A ilimitação tornou-se o registro normativo da atual quadra histórica: instaurou-se uma espécie de “vale tudo” na busca por lucro ou vantagens pessoais de poucos. A solidariedade e a fraternidade passaram a ser vistas como fraquezas em meio a relações sociais que reproduzem a lógica da concorrência, enquanto o egoísmo tornou-se uma virtude aos olhos de pessoas que se imaginam como empresários-de-si em disputa permanente com outras empresas. Desaparece a consciência de classe, a possibilidade de superação coletiva de problemas comuns e o laço social. O absurdo torna-se naturalizado: pessoas são tratadas como objetos que devem ser usados ou empresas concorrentes que devem ser vencidas ou destruídas. O “comum”e a “política”, tornaram-se palavras malditas. A “esfera do inegociável” (que era constituída de princípios, regras, bens e pessoas) desapareceu: o “capitalismo sem luvas” transformou tudo e todos em mercadorias ou lixo.

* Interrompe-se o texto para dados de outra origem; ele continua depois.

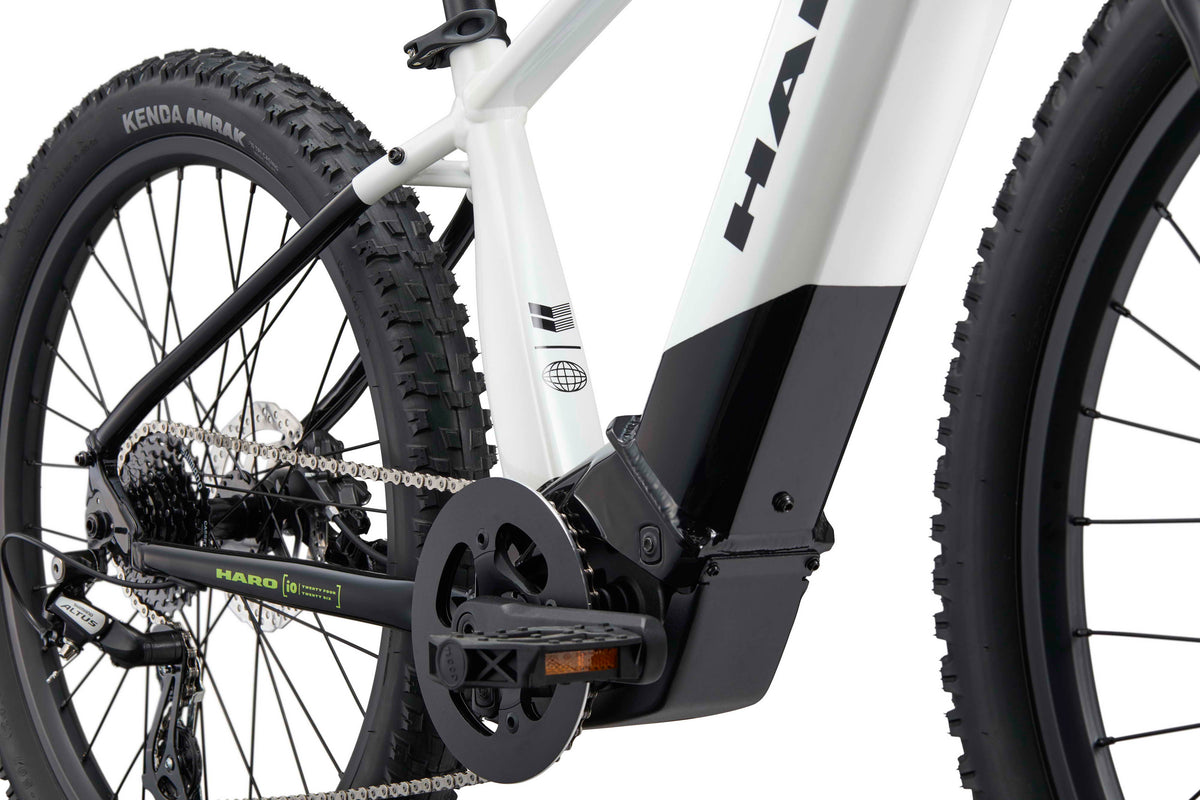 Close-up of a Haro Bikes eKids I/O 24/26 electric mountain bike, Bosch Performance Line SX motor, frame, chain, pedal, rear wheel.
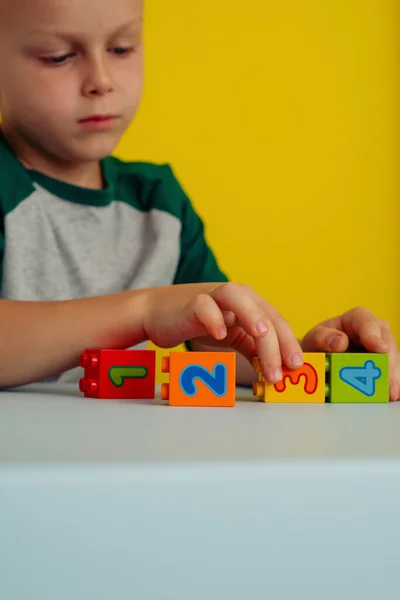 The child playing with cubes with numbers on the table.On a yellow background.Concept of early child development — Stock Photo, Image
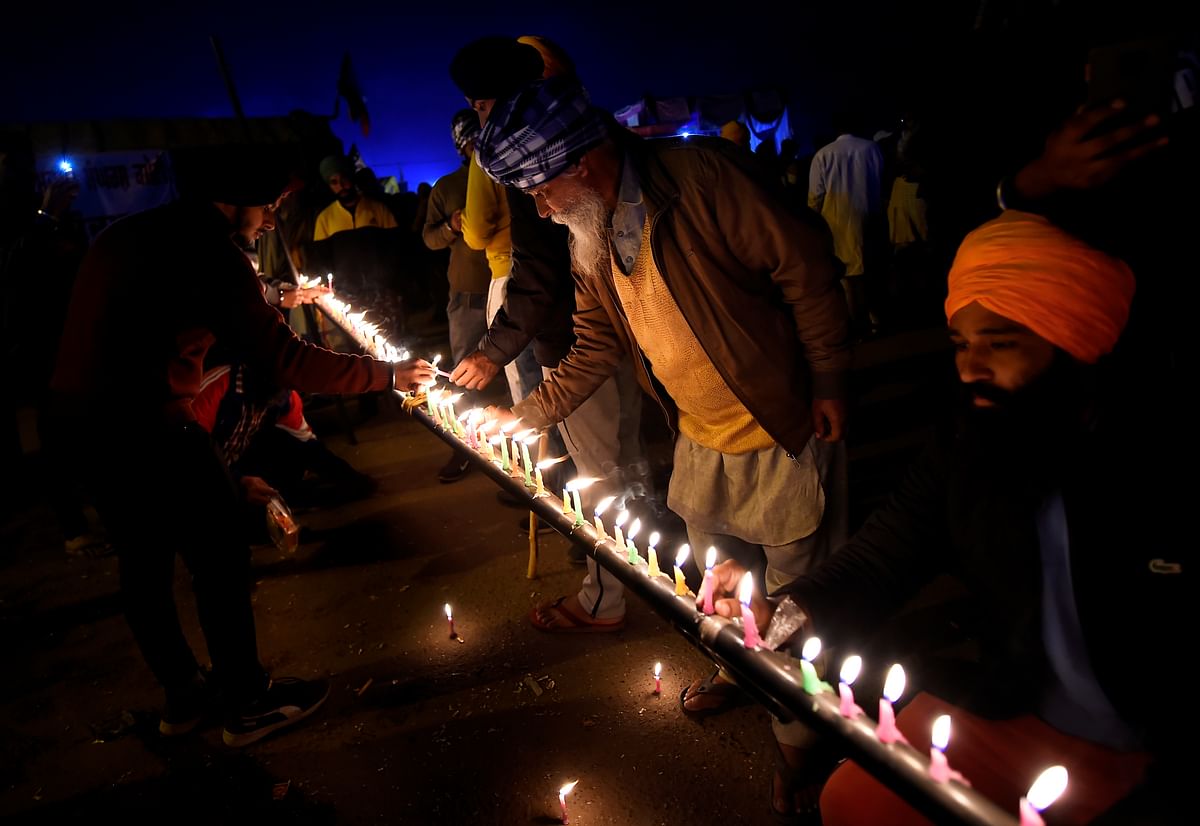 Farmers light candles to pay tribute to those who lost their lives in farmers' agitation, during their sit-in protest against the Centre's farm reform laws, at Singhu border in New Delhi. Credit: PTI Photo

A racionalidade neoliberal, o modo de ver e atuar no mundo que trata tudo e todos como objetos negociáveis ou descartáveis, a partir de cálculos de interesse que visam exclusivamente a obtenção de lucros tendencialmente ilimitados ou vantagens pessoais tornou-se hegemônica. Os países e as lideranças políticas que ousaram resistir à lógica de servir exclusivamente aos interesses dos detentores do poder econômico passaram a sofrer processos de demonização, desde o reforço de embargos econômicos a processos criminais em violação à legalidade, em um movimento político-ideológico que transforma tanto a economia quanto o direito em armas de guerra contra os inimigos tanto do projeto neoliberal quanto do discurso ideológico de que não existem alternativas a ele.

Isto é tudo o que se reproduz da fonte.